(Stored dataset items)
+-------+
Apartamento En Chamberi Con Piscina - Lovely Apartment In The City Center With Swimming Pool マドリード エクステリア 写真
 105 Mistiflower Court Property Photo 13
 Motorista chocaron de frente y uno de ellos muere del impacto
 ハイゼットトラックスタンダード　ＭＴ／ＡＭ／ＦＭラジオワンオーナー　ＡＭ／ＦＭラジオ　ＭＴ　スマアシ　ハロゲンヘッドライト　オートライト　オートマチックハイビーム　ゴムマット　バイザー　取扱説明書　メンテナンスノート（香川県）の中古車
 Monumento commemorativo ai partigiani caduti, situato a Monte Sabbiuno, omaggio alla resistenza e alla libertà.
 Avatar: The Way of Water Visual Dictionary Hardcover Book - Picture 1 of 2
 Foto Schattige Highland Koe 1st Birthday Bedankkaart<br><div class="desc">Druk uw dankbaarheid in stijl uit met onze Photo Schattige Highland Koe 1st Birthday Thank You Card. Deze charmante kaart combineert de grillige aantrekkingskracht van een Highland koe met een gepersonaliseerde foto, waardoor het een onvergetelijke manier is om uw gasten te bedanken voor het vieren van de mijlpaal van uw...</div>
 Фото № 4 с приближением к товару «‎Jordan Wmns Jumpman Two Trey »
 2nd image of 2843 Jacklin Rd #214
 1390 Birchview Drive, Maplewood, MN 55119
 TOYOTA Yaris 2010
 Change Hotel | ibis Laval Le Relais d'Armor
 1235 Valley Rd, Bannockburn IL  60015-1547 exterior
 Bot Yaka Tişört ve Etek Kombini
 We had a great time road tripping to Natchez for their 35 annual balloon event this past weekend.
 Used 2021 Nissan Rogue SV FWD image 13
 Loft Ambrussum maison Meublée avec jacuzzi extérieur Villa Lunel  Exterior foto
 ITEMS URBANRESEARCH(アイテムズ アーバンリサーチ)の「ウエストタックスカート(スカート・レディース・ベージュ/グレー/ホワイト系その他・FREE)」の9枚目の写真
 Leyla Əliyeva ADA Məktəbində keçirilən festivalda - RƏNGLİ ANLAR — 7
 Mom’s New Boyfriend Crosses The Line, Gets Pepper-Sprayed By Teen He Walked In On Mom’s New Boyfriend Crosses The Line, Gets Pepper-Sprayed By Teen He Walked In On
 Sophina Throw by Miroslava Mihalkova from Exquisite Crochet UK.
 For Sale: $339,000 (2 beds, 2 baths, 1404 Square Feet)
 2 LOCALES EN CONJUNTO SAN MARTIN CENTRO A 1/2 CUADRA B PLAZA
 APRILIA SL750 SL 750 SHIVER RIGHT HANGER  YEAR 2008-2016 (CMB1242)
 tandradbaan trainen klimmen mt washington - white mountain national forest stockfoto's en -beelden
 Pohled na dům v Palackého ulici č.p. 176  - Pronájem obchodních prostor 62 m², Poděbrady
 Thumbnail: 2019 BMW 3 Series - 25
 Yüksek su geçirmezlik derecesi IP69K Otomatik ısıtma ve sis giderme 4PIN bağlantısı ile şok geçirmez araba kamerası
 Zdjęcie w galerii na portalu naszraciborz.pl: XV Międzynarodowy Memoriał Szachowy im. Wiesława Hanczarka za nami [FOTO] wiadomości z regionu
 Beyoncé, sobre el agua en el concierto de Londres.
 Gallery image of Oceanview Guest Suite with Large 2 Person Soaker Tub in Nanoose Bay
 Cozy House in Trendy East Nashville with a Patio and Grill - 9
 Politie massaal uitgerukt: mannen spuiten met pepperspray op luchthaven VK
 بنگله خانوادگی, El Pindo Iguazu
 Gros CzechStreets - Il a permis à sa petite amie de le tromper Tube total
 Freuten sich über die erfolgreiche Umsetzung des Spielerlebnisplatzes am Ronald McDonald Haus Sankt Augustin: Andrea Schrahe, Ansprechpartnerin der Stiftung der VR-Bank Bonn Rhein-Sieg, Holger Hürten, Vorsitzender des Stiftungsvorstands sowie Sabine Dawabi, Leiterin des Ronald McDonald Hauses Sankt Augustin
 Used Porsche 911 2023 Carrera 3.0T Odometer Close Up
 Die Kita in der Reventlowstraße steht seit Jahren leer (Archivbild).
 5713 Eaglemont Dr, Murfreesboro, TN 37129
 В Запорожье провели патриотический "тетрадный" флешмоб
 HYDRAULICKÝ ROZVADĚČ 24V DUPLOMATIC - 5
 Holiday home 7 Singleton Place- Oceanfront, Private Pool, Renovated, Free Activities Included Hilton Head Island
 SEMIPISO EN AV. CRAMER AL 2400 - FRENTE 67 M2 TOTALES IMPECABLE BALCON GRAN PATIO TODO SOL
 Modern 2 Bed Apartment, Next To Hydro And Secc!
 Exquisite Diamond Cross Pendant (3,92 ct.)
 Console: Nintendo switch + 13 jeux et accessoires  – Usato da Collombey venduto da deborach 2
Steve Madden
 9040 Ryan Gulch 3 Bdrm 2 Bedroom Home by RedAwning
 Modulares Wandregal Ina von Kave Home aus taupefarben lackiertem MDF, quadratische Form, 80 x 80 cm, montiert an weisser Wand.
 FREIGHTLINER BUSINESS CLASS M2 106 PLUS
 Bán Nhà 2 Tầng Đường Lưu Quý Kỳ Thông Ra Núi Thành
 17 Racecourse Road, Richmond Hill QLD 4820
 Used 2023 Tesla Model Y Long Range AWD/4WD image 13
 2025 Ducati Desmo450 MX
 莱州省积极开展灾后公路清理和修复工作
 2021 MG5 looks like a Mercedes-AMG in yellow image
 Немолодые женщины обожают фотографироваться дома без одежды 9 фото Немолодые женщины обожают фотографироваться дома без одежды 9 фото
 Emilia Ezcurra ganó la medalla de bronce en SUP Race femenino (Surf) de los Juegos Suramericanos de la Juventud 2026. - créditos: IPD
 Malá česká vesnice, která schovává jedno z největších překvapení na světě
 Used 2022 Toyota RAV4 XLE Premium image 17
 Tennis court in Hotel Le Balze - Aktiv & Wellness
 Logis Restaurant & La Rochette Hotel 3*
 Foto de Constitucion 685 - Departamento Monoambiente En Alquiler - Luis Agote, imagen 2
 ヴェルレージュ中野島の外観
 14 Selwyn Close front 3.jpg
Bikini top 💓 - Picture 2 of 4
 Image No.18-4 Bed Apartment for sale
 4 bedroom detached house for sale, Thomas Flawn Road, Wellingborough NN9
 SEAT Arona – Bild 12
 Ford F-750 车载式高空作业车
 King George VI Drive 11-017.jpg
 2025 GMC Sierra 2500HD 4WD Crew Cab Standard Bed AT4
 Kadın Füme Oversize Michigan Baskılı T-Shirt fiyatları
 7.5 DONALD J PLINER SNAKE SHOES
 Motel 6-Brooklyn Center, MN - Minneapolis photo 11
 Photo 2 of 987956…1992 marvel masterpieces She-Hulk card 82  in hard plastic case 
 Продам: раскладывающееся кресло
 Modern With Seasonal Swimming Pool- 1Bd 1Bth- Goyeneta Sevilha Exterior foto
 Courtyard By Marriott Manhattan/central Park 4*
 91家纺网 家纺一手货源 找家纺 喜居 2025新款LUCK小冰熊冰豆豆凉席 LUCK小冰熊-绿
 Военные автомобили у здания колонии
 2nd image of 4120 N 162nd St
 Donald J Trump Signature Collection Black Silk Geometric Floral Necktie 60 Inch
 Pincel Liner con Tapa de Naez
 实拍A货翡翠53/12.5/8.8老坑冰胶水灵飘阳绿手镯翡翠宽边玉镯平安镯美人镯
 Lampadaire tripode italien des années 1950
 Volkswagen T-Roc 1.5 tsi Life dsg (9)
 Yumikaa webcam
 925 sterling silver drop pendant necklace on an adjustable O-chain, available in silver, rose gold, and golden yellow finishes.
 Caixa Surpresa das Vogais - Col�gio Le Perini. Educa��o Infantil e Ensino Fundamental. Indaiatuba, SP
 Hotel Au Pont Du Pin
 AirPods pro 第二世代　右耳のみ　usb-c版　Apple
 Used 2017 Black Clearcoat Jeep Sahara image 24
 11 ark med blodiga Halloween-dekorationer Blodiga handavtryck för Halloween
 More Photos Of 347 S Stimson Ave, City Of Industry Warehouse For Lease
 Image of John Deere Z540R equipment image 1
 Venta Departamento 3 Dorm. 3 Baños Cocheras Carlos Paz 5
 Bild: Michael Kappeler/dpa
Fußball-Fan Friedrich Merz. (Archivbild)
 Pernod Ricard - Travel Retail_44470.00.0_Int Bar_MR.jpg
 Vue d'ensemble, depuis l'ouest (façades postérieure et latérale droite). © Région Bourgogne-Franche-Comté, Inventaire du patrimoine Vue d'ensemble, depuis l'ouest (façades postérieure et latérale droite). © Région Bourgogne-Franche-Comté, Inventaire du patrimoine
+-------+
What the task asks for is a word-for-word repeat of the lines above, from the first through the one containing "Avatar: The Way".

Apartamento En Chamberi Con Piscina - Lovely Apartment In The City Center With Swimming Pool マドリード エクステリア 写真
 105 Mistiflower Court Property Photo 13
 Motorista chocaron de frente y uno de ellos muere del impacto
 ハイゼットトラックスタンダード　ＭＴ／ＡＭ／ＦＭラジオワンオーナー　ＡＭ／ＦＭラジオ　ＭＴ　スマアシ　ハロゲンヘッドライト　オートライト　オートマチックハイビーム　ゴムマット　バイザー　取扱説明書　メンテナンスノート（香川県）の中古車
 Monumento commemorativo ai partigiani caduti, situato a Monte Sabbiuno, omaggio alla resistenza e alla libertà.
 Avatar: The Way of Water Visual Dictionary Hardcover Book - Picture 1 of 2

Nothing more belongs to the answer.